**PROBLEM REQUIREMENTS:**
The material below holds the lines to copy: from the one with "Chestnut-bellied Sandgrouse ©" up to and including the one with "聊城職業(yè)技術(shù". Copy them exactly and skip the pictures.

**DATA RECORDS:**
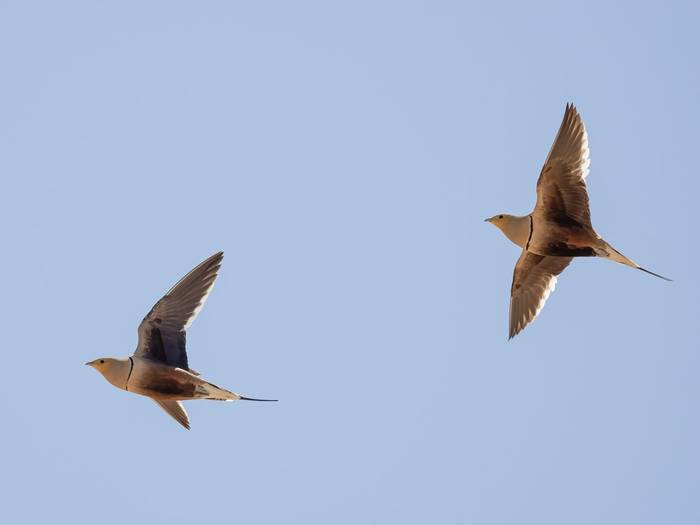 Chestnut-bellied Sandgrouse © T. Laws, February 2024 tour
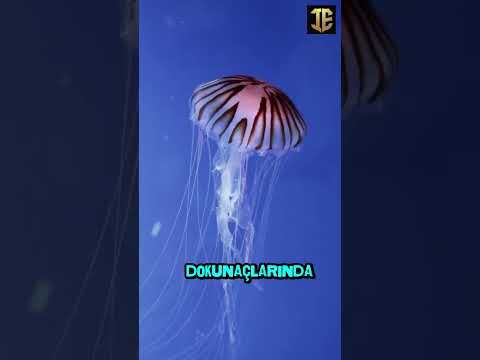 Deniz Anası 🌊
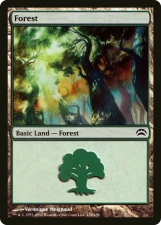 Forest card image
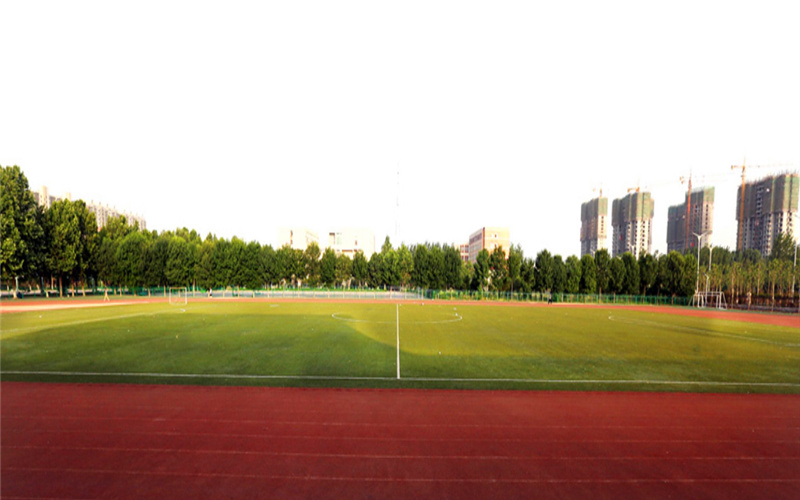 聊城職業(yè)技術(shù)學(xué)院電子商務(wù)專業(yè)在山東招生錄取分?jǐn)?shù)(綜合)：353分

==

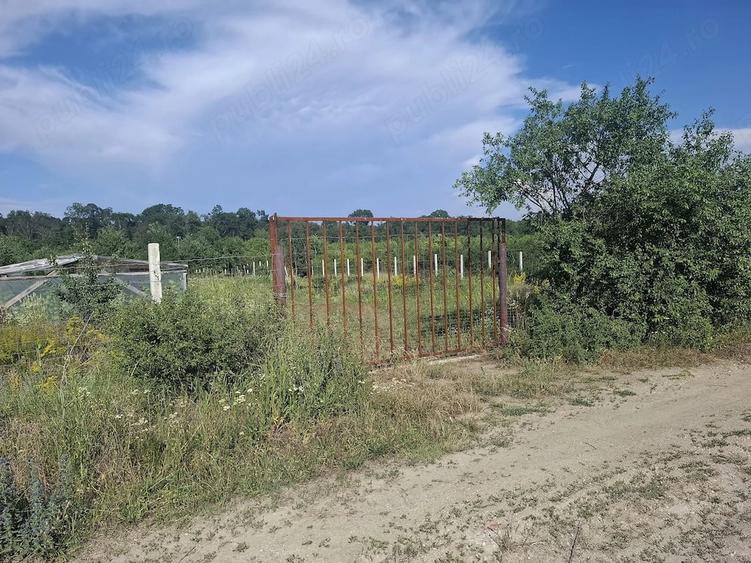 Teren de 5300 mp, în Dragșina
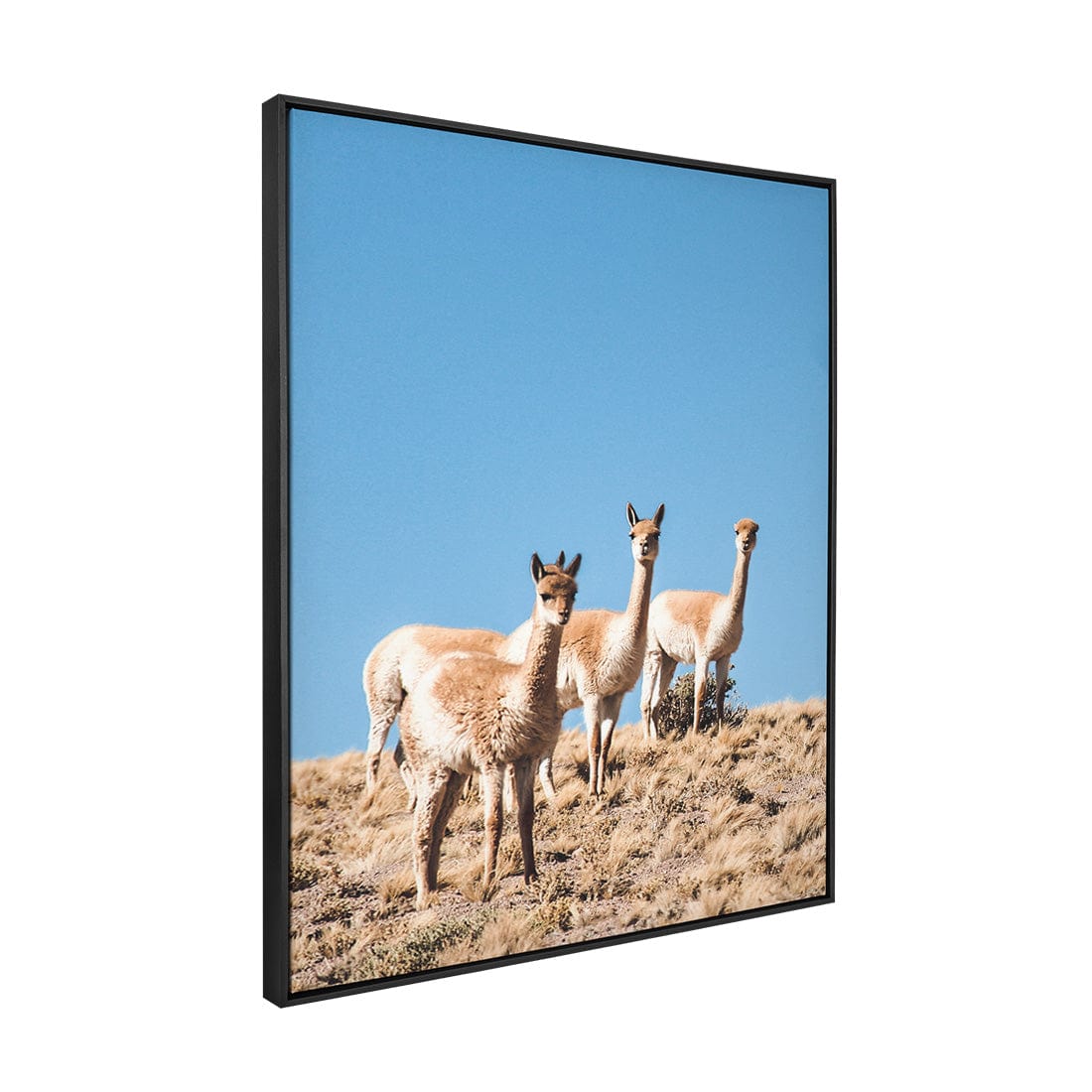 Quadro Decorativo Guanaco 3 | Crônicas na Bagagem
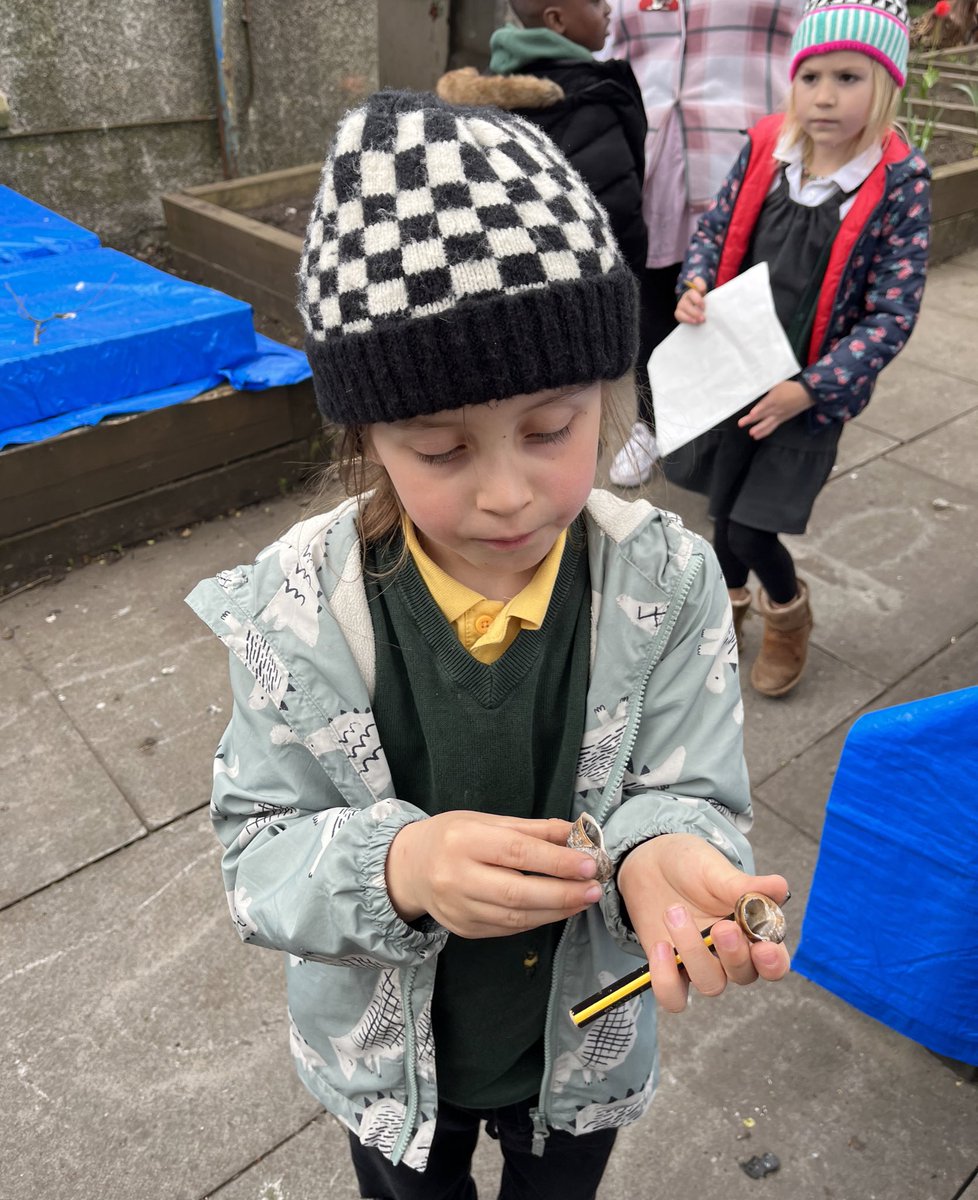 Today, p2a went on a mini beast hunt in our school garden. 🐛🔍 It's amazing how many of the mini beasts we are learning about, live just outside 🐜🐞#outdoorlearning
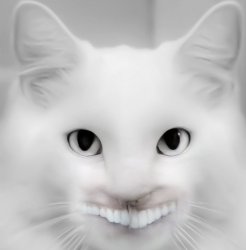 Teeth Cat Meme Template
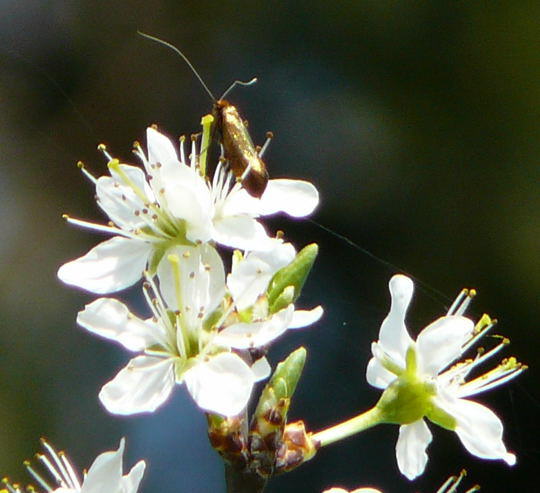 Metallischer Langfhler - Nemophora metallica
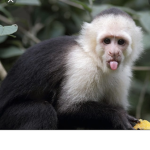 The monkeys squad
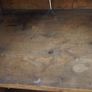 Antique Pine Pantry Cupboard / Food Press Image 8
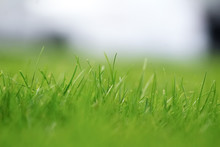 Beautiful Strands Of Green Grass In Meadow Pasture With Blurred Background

---

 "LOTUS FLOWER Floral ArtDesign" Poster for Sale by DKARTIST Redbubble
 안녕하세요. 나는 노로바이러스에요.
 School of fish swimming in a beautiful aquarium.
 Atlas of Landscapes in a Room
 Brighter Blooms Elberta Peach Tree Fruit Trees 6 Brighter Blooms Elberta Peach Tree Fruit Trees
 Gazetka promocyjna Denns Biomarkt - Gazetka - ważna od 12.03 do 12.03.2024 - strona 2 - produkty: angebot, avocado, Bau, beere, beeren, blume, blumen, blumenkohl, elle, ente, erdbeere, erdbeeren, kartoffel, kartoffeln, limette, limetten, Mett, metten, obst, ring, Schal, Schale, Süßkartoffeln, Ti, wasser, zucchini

**RESPONSE TO THIS TASK:**
 Chestnut-bellied Sandgrouse © T. Laws, February 2024 tour
 Deniz Anası 🌊
 Forest card image
 聊城職業(yè)技術(shù)學(xué)院電子商務(wù)專業(yè)在山東招生錄取分?jǐn)?shù)(綜合)：353分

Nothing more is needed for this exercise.